Handling of the resident’s reports of damp and mould
- Damp and mould are health hazards, as confirmed by the Housing Health and Safety Rating System (HHSRS), introduced by the Housing Act 2004, and the landlord has an obligation to identify and mitigate any such hazard.
- The landlord recognises the risks related to the presence of damp, mould and condensation in its Damp and Mould policy, noting that such conditions may be detrimental to health, safety, and wellbeing of residents. It also states it will tailor its approach based upon understanding the resident’s needs.
- In this case, the landlord initially took steps to identify the cause of, and remedy, the damp and mould reported. This it did by raising an order for its contractor to carry out a damp and mould survey. However, whilst this was raised in March 2023, the landlord did not chase the contractor until May 2023. The survey was then not completed until 28 June 2023, 3 months after the job was raised. This was a long time for the resident to have to wait for this to be carried out, most especially given her significant vulnerabilities.

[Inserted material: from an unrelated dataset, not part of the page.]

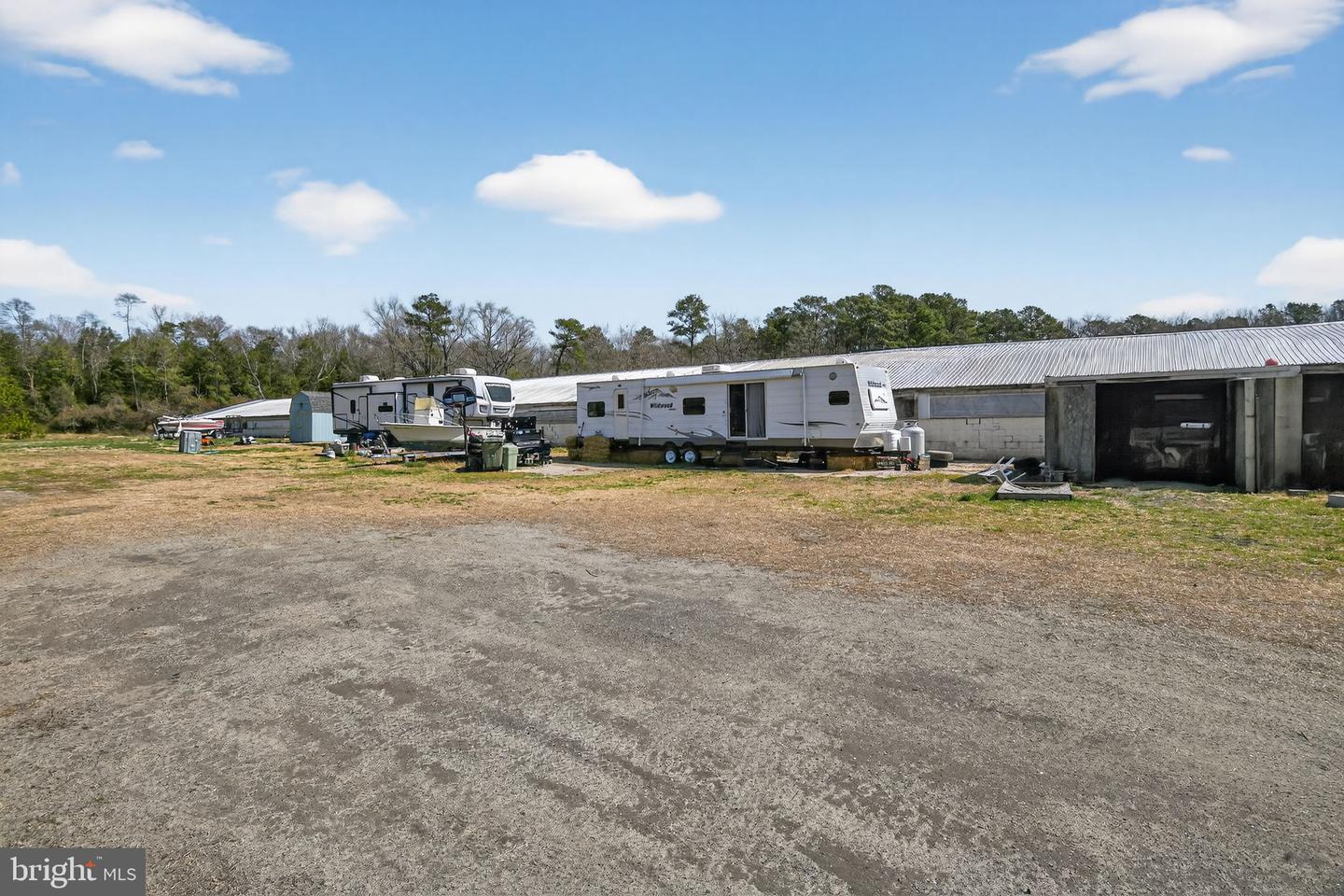 33096 Johnson Rd Property Photo 13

- The recommendations made following the survey of 28 June 2023 were for the landlord to:
- Carry out minor crack repairs to the door revels plaster.
- Apply a mould wash to the internal face of the french doors, leading onto the roof patio, as a precaution.

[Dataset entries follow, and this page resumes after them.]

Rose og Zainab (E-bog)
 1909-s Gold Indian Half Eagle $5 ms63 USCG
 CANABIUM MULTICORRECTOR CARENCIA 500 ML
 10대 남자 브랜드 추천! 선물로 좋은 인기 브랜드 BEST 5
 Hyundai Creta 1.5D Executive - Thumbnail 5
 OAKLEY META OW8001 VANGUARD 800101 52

- To appoint a structural surveyor to report on the render cracking.
- When they forwarded their report to the landlord, the contractor also recommended a roof inspection be carried out. The contractor was evidently concerned about the resident’s wellbeing, reporting she had ‘broken down and cried a few times’ when they were in her flat. To help support the resident, the contractor asked if the landlord’s well-being team, as well as her support worker, could be involved.
- The landlord’s response to the contractor’s concerns was that its ‘well-being escalations team would not get involved if there was no repair to chase’. This was a cursory and dismissive response and showed a lack of regard to its obligations to the resident under the Equality Act 2010 and its own Damp and mould policy.

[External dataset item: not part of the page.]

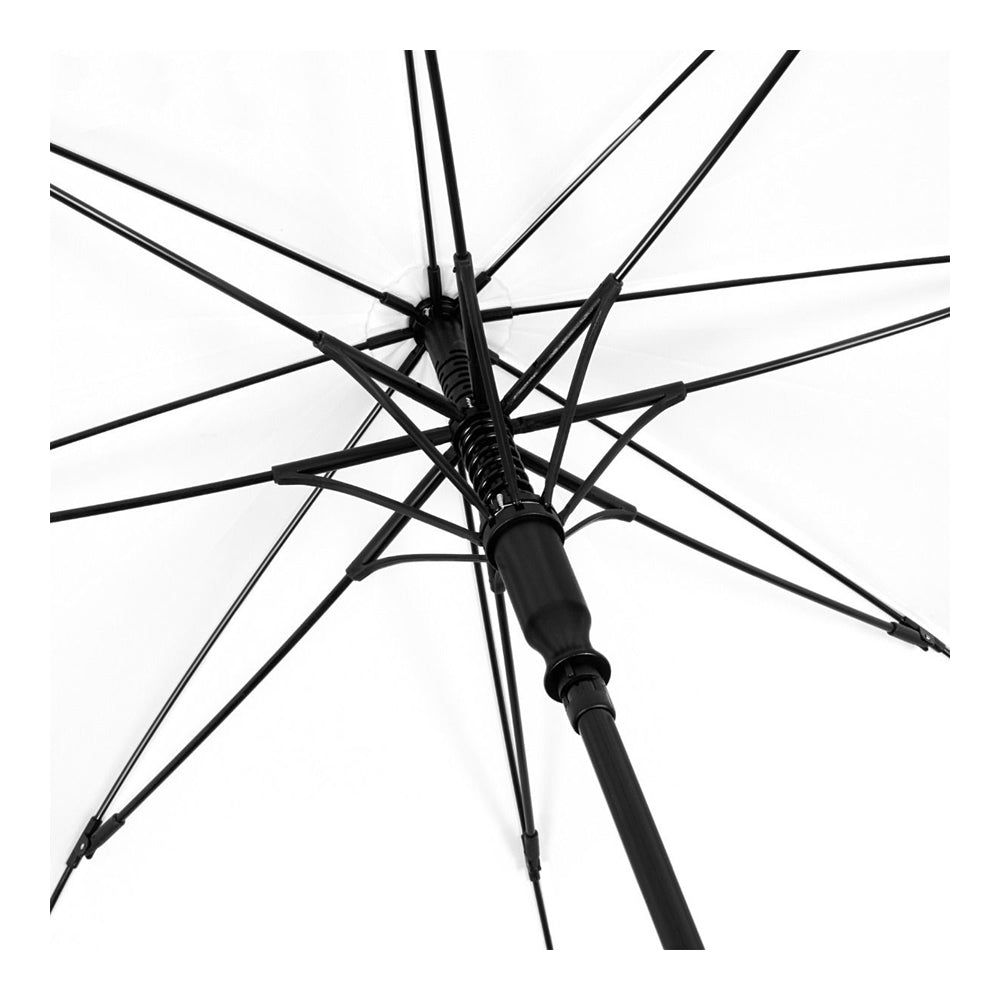 Regenschirm Speichen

- A job for the roof was raised by the landlord on 14 July 2023. The landlord called the resident on 20 July 2023 to confirm this had been raised. However, the roof works were not completed until 9 October 2023. Whilst the landlord noted the resident was ‘happy’ with the works, that these were not completed until some 3 months after the job was raised represents a failure on its part.
- We have seen no evidence of the landlord arranging for crack repairs to the door revels plaster. Nor have we seen evidence of a structural surveyor being engaged to report on the render cracking at that time.
- As the landlord noted in its stage 1 response, a mould wash was also not carried out until 11 January 2024, some 7 months after this had been recommended.
- On 4 January 2024, the landlord said, following a meeting ‘that morning’, the resident’s building had been identified as a ‘larger ongoing project’. The landlord said it would be tendering for these works in February 2024, which it did.
- Whilst we acknowledge the works to the resident’s property might be complex, it would have been reasonable for the landlord to have explained this to the resident, to manage her expectations. However, we have seen no evidence of it doing so at that time, which would understandably cause her further distress and inconvenience by not knowing the landlord’s position.
- Further, it is noted it was not until after this decision was made that the mould wash was carried out at the resident’s property on 11 January 2024.
- On 23 April 2024, the landlord raised a job for another damp survey to be carried out at the resident’s property. However, its records note that this was cancelled on 17 July 2024 as its staff ‘were not comfortable’ working in the resident’s property. Had the landlord not so quickly dismissed its contractor’s suggestion in June 2023, over a year earlier, of it providing the resident with support, this may not have been the case.
- Following the cancellation of this job, further damp works were carried out by the landlord on 6 August 2024, almost 4 months after the landlord raised the job for another damp and mould survey on 23 April 2024.
- The complaint process provided the landlord with the opportunity to review its handling of the damp and mould in the resident’s property. It also provided it with the opportunity to put any failures right, to recognise any detriment to the resident and to learn from the outcomes.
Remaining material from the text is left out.